Google Invites Canadian Students To Build The 150 Doodle
Canada’s 150th birthday is coming up (we don’t feel a day over 149), and Google will be recognizing that with one of their famous Doodles — with some help from kids in The Great White North.
The company has put out the call to Canadian students to submit designs for the doodle which will grace the search engine’s homepage on the big day. Schoolsters from kindergarten through Grade 12 can submit designs based on the theme “What I see for Canada’s future is …” until Tuesday May 02, and the winning doodle, which will be judged on artistic merit, creativity and originality, will be front and center on the homepage for one day.
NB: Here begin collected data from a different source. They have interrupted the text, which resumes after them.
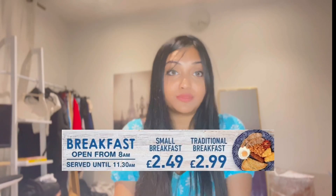Number six, you can go to Wetherspoons for breakfast because they have really good breakfast. They give a good portion of food at a very reasonable price — three pounds or sometimes two pounds.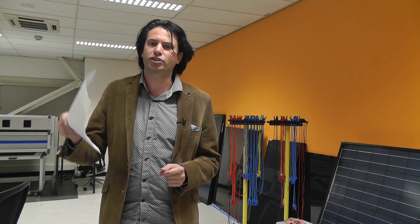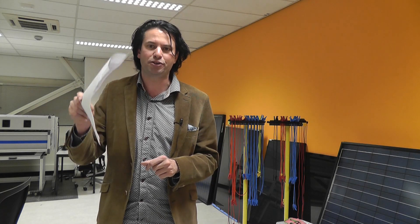Next week, the first lectures of the third part of the solar cell course will become available online. We are going to discuss PV systems — their components and the design rules. You will be able to design your own PV system.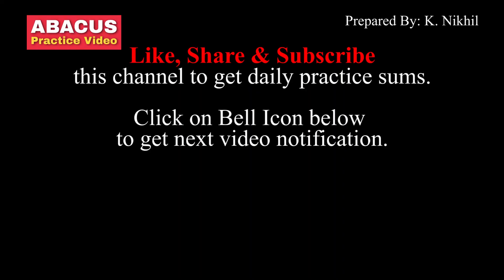Do daily practice on Abacus to improve your speed. Like, share and subscribe this channel to get daily Abacus practice videos. Click on bell icon to get instant notifications.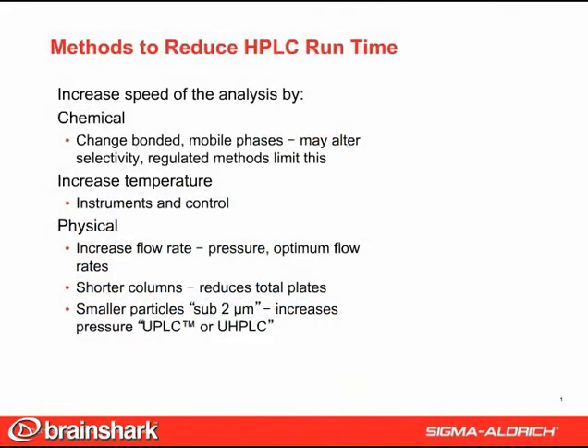There are different ways to reduce analysis time. Chemically, one can change the stationary or the mobile phase. However, these approaches may adversely alter the selectivity, and some methods cannot be changed. Temperature also can be increased to decrease retention, but this requires special instrumentation and has limits in practice for many reasons. Physical methods to increase speed include increasing the flow rate, but this increases pressure, and columns do have optimum flow rates, outside which efficiency is lost.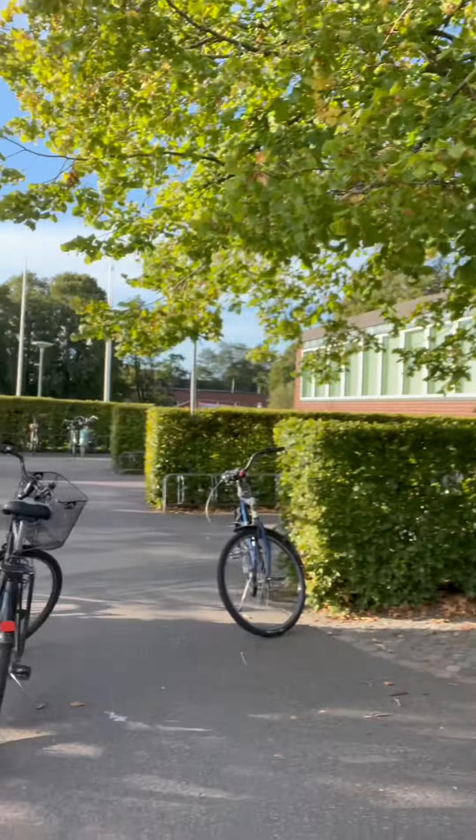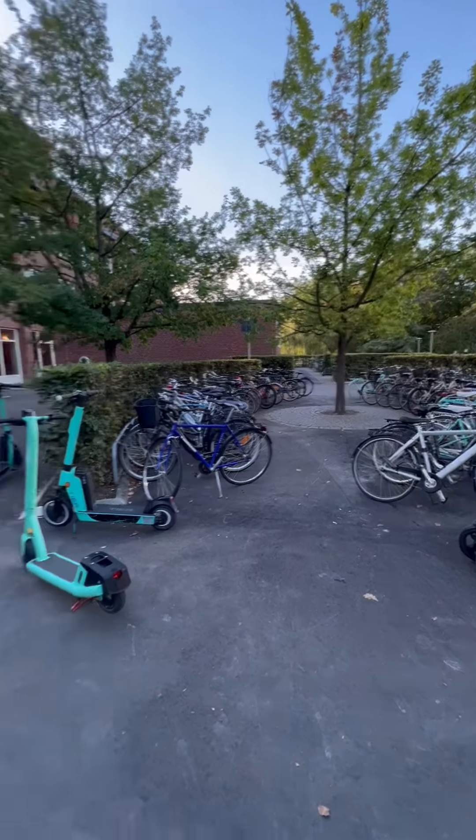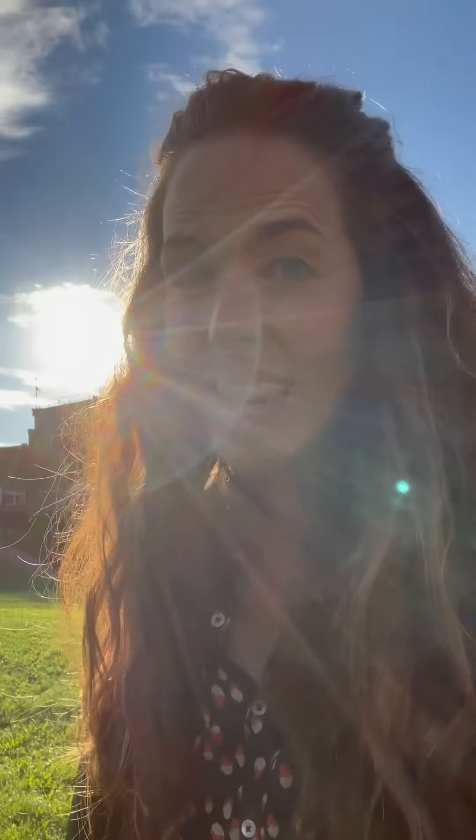And of course, we cannot forget about all the spaces that there are for you to park your bike. And on such a beautiful sunny day like today, what a better thing to do than enjoying a few of the green spaces here at LTH.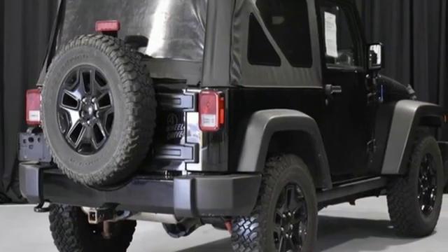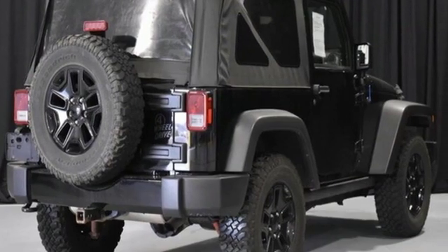Experience the Jeep life. You need to drive it to believe it. See it for yourself today.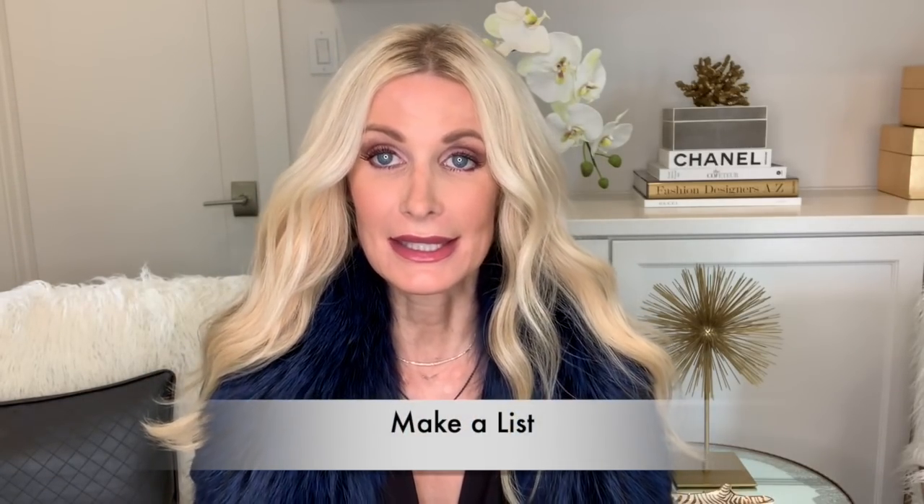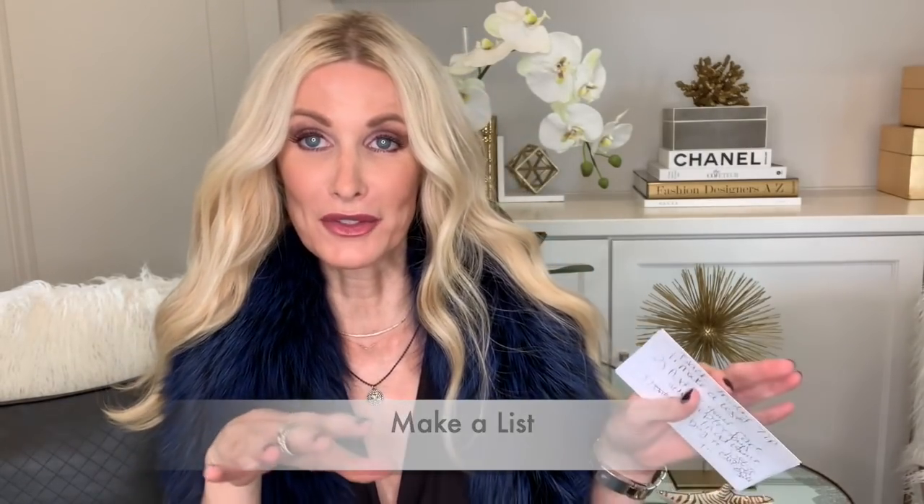Tip number one to shop Cyber Week like a pro is to make a list, and start making this list now — right now, after this video. Go make your list of what you need, not only for yourself but also for the people on your list that you need to get gifts for, because this is a great time to get your Christmas shopping completely done.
The winner will receive a $10,000 scholarship, a $10,000 technology grant for their school, and a paid trip to Toronto for the unveiling of the winning doodle on Tuesday June 13.
Submissions can be created from almost any medium, including computer code; the winner will be chosen by Google employees and a panel of guest judges which includes federal Science Minister Kirsty Duncan. Students, their parents and teachers may download entry forms and complete contest rules right over here.
Google first introduced its Doodle 4 Google Canada competition for students four years ago; Toronto’s Cindy Tang was the first winner in February of 2014 with her sea telescope doodle.
Google’s Doodles have recognized plenty of prominent Canadians over the years, including author Lucy Maud Montgomery, women’s rights activist Henrietta Edwards, urbanist Jane Jacobs and artist Kenojuak Ashevak.